*What is required*:
From the first line to the last, write out the records exactly, leaving the pictures behind.

(Crawled caption data)
+++++

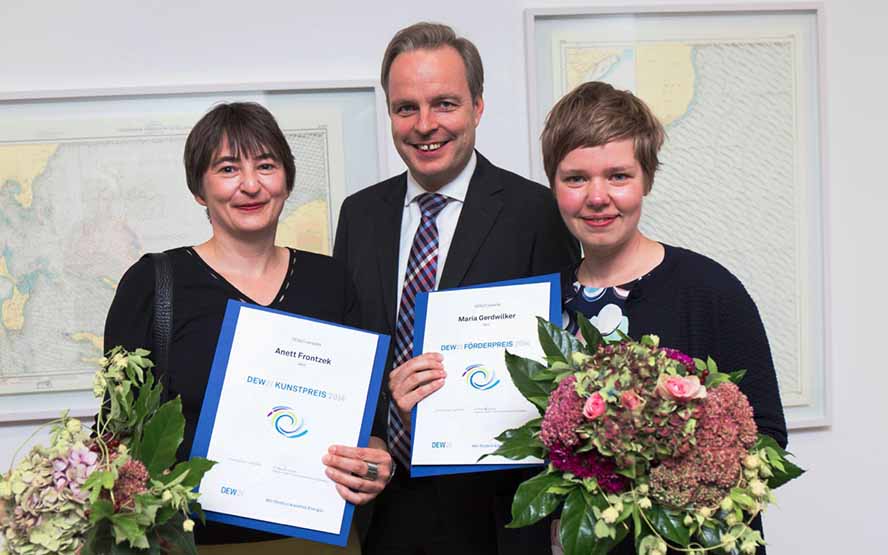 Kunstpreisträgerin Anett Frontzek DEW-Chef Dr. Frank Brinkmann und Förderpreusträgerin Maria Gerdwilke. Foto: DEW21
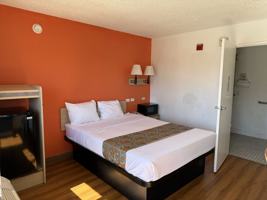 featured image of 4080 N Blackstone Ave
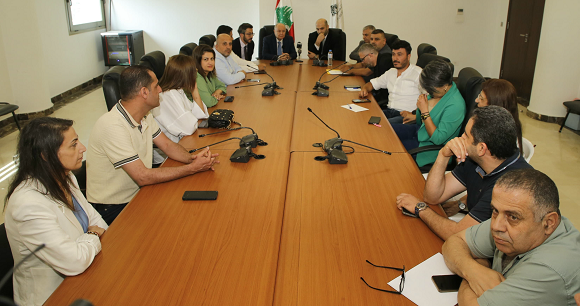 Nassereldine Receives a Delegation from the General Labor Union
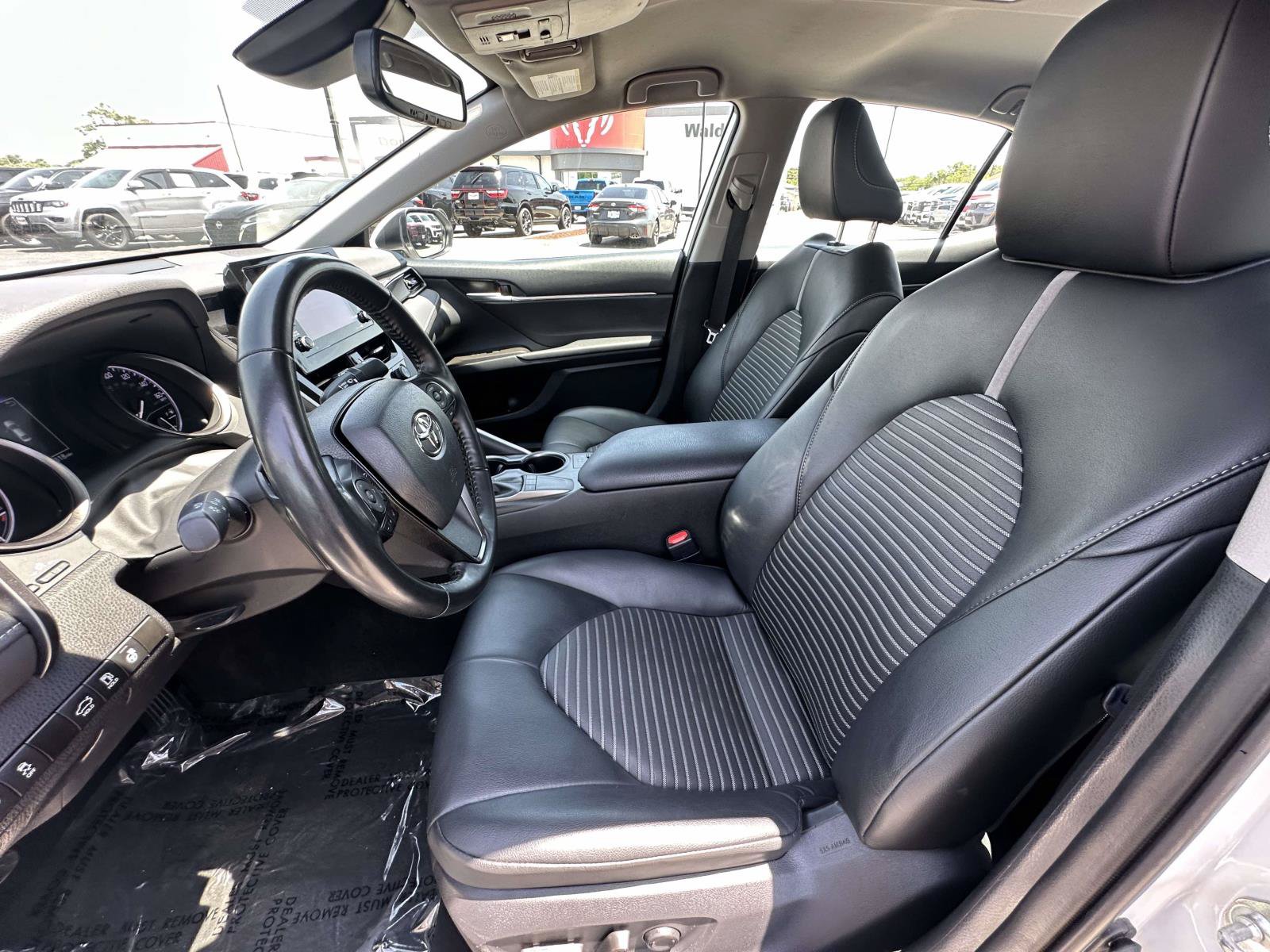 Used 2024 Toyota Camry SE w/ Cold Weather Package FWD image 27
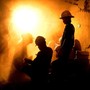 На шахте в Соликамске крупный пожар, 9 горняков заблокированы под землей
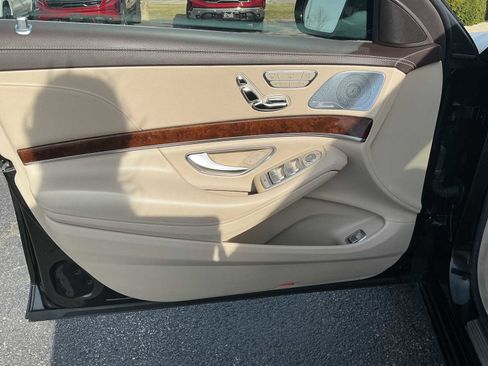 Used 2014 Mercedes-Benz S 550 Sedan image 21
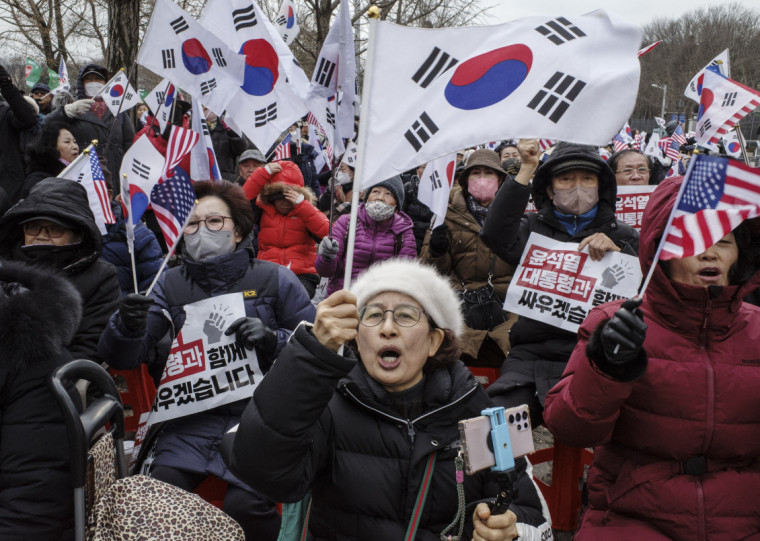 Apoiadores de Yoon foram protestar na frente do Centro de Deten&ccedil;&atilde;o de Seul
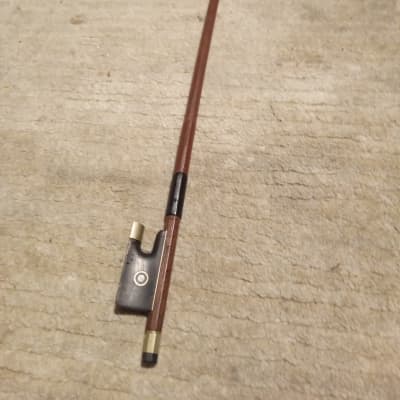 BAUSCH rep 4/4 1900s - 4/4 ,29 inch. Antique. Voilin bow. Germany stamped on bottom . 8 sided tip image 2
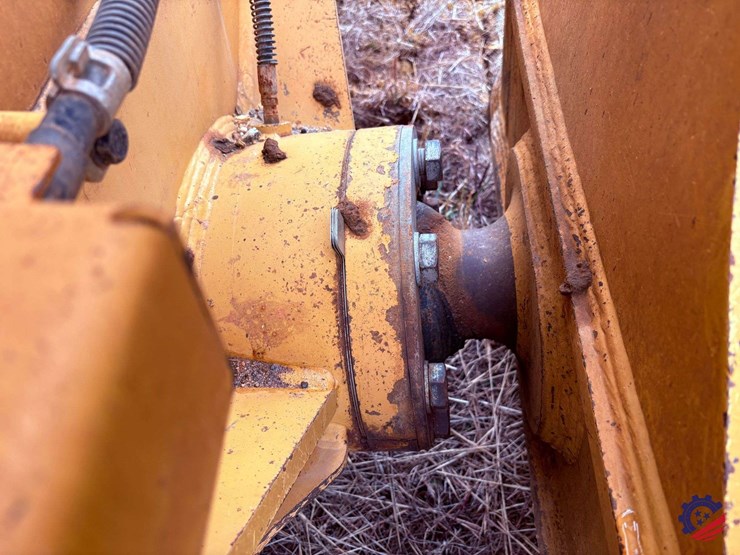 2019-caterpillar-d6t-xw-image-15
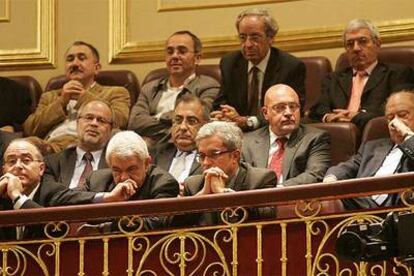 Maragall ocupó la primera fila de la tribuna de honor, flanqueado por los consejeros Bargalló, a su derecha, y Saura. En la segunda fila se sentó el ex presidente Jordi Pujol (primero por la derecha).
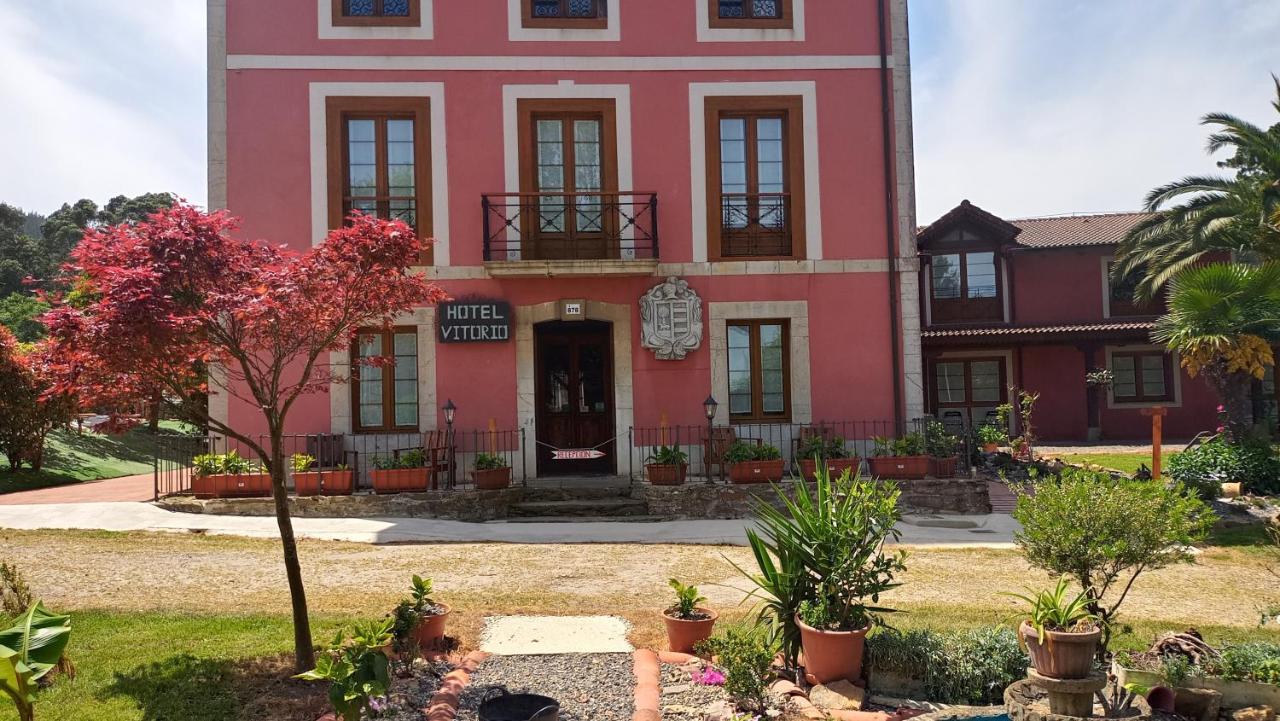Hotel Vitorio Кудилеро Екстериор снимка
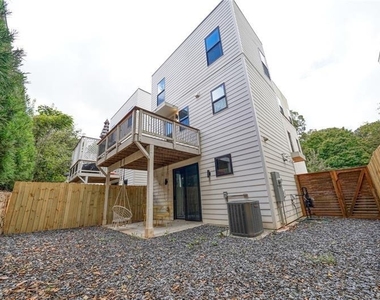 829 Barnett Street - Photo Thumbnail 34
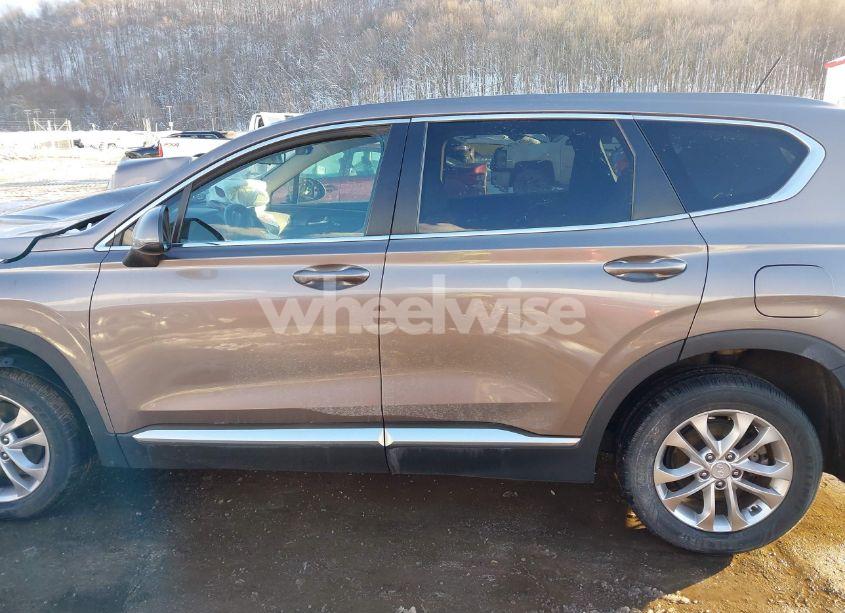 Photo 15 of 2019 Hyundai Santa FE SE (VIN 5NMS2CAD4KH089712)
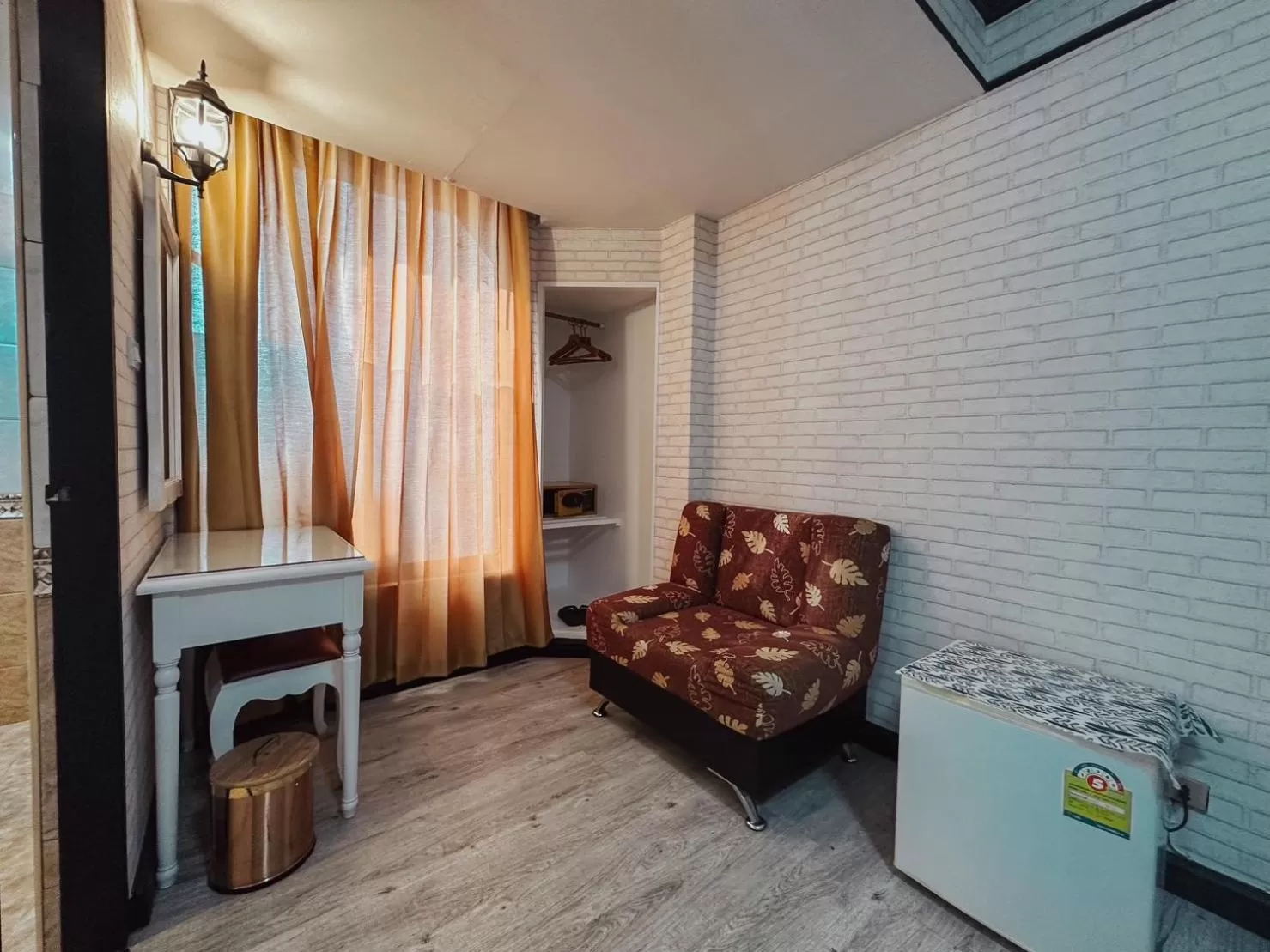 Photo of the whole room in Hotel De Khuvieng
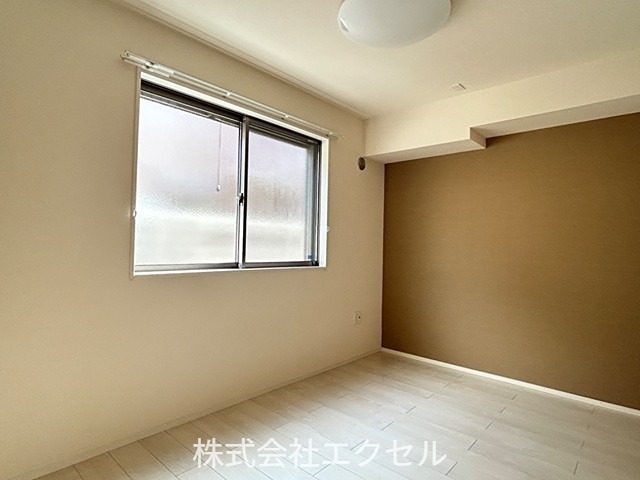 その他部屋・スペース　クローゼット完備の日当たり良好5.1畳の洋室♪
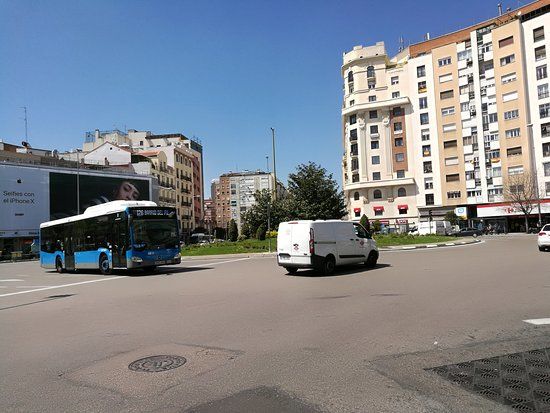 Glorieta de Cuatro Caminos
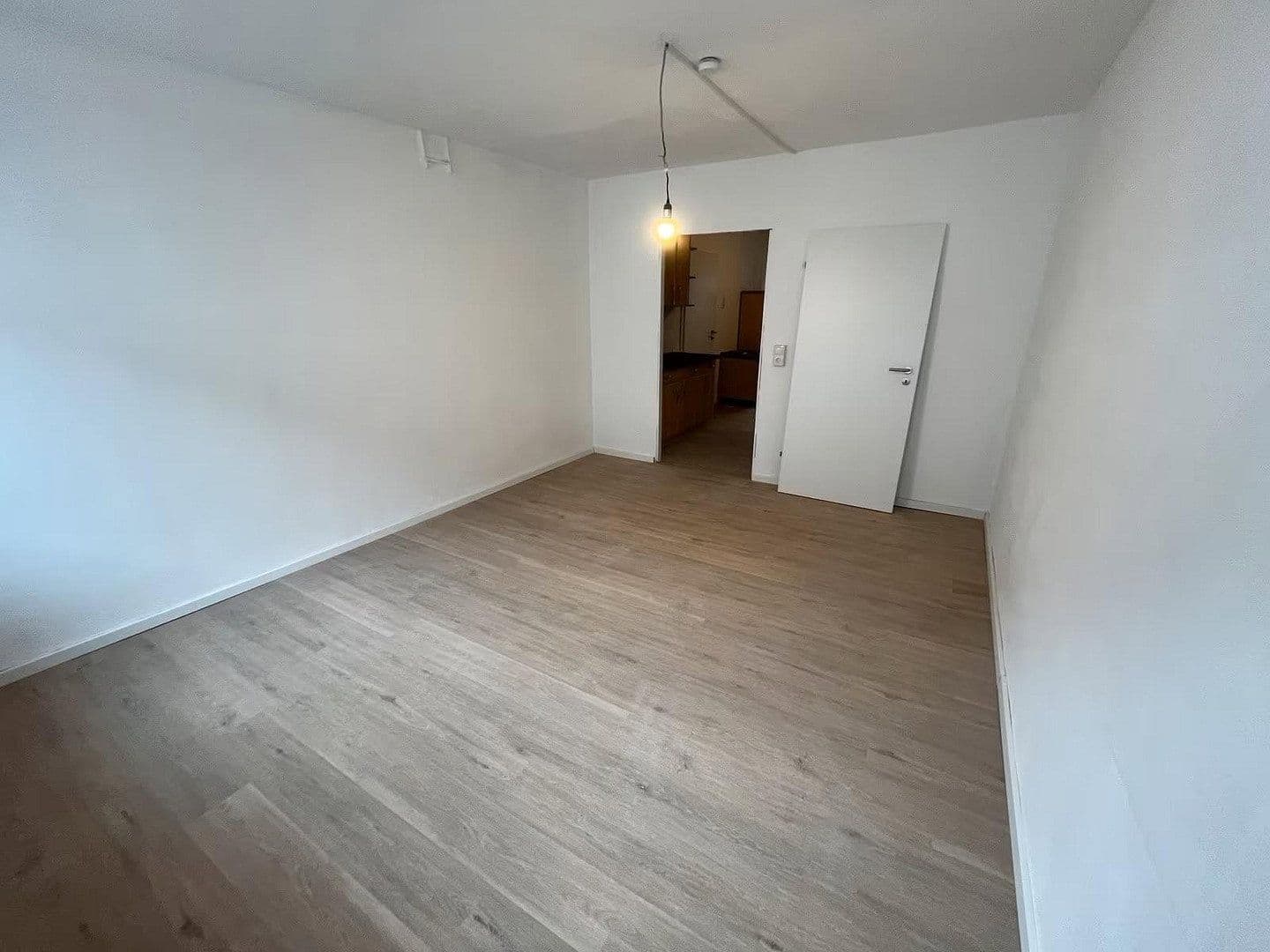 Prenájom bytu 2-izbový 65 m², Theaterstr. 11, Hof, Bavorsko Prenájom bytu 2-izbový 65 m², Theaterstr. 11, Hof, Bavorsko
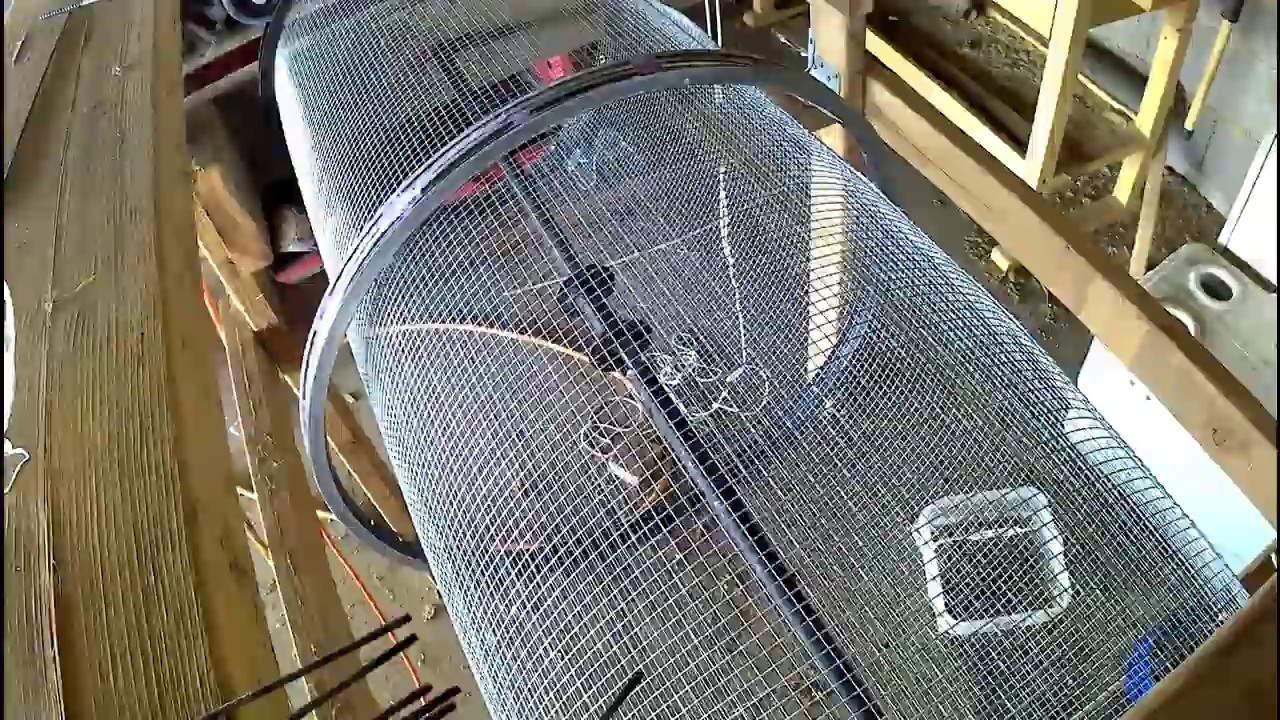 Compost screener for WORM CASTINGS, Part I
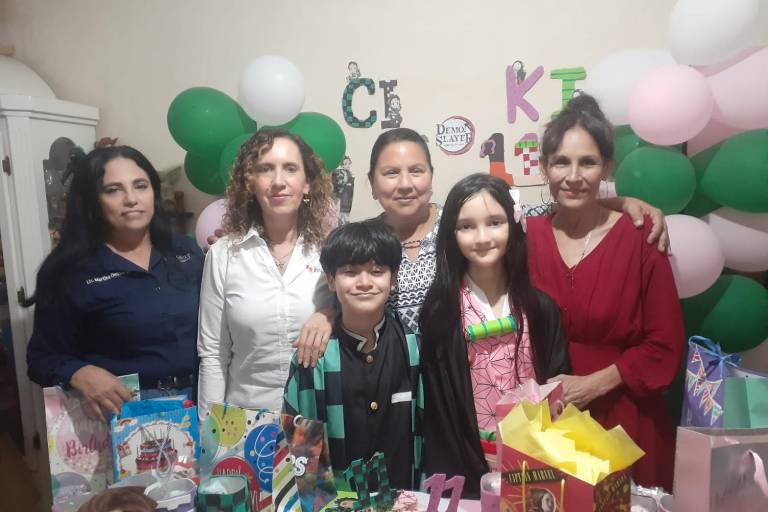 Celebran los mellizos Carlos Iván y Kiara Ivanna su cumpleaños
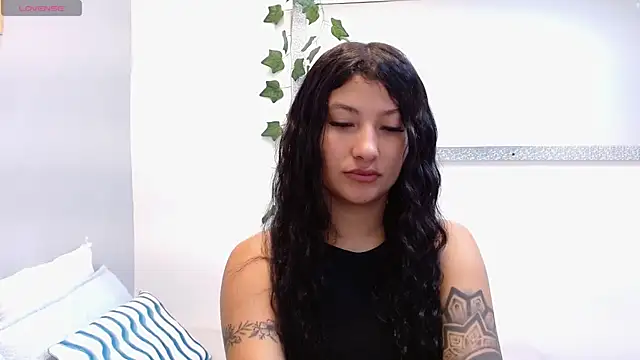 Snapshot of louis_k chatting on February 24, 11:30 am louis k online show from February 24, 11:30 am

+++++

*Answer area*:
 Kunstpreisträgerin Anett Frontzek DEW-Chef Dr. Frank Brinkmann und Förderpreusträgerin Maria Gerdwilke. Foto: DEW21
 featured image of 4080 N Blackstone Ave
 Nassereldine Receives a Delegation from the General Labor Union
 Used 2024 Toyota Camry SE w/ Cold Weather Package FWD image 27
 На шахте в Соликамске крупный пожар, 9 горняков заблокированы под землей
 Used 2014 Mercedes-Benz S 550 Sedan image 21
 Apoiadores de Yoon foram protestar na frente do Centro de Deten&ccedil;&atilde;o de Seul
 BAUSCH rep 4/4 1900s - 4/4 ,29 inch. Antique. Voilin bow. Germany stamped on bottom . 8 sided tip image 2
 2019-caterpillar-d6t-xw-image-15
 Maragall ocupó la primera fila de la tribuna de honor, flanqueado por los consejeros Bargalló, a su derecha, y Saura. En la segunda fila se sentó el ex presidente Jordi Pujol (primero por la derecha).
Hotel Vitorio Кудилеро Екстериор снимка
 829 Barnett Street - Photo Thumbnail 34
 Photo 15 of 2019 Hyundai Santa FE SE (VIN 5NMS2CAD4KH089712)
 Photo of the whole room in Hotel De Khuvieng
 その他部屋・スペース　クローゼット完備の日当たり良好5.1畳の洋室♪
 Glorieta de Cuatro Caminos
 Prenájom bytu 2-izbový 65 m², Theaterstr. 11, Hof, Bavorsko Prenájom bytu 2-izbový 65 m², Theaterstr. 11, Hof, Bavorsko
 Compost screener for WORM CASTINGS, Part I
 Celebran los mellizos Carlos Iván y Kiara Ivanna su cumpleaños
 Snapshot of louis_k chatting on February 24, 11:30 am louis k online show from February 24, 11:30 am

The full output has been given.